Dataset -
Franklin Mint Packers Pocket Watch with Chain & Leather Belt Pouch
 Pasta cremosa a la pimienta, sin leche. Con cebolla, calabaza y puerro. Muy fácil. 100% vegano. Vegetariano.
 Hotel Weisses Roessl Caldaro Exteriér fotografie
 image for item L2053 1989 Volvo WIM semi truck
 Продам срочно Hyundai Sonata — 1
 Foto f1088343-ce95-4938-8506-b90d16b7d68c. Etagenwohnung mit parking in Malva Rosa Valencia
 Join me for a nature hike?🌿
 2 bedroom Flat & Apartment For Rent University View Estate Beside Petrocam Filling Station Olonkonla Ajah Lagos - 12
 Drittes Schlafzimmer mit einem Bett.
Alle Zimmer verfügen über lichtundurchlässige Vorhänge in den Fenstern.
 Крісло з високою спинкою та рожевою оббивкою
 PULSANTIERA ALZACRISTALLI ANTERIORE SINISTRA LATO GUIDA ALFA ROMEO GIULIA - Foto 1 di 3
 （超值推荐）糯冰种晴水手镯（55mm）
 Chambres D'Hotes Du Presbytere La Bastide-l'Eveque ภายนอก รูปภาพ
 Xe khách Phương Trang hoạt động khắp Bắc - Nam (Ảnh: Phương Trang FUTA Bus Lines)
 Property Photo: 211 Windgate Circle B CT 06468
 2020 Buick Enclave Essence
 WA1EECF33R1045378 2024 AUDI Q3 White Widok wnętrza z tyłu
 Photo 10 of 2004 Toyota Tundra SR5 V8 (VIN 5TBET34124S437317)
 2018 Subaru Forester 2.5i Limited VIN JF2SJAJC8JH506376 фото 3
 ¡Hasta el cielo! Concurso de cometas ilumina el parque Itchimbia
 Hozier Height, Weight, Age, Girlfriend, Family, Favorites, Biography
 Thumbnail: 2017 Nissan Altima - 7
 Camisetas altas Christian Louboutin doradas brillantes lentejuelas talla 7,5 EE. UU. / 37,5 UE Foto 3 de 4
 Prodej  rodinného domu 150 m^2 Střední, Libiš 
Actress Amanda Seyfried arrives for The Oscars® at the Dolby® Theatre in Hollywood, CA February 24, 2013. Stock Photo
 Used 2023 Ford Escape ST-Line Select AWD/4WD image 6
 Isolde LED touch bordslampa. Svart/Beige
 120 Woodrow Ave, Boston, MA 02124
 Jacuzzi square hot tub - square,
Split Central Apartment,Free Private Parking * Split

Your goal - For the string "image", return every line of the data where it appears.

Answer below -
 image for item L2053 1989 Volvo WIM semi truck
 Used 2023 Ford Escape ST-Line Select AWD/4WD image 6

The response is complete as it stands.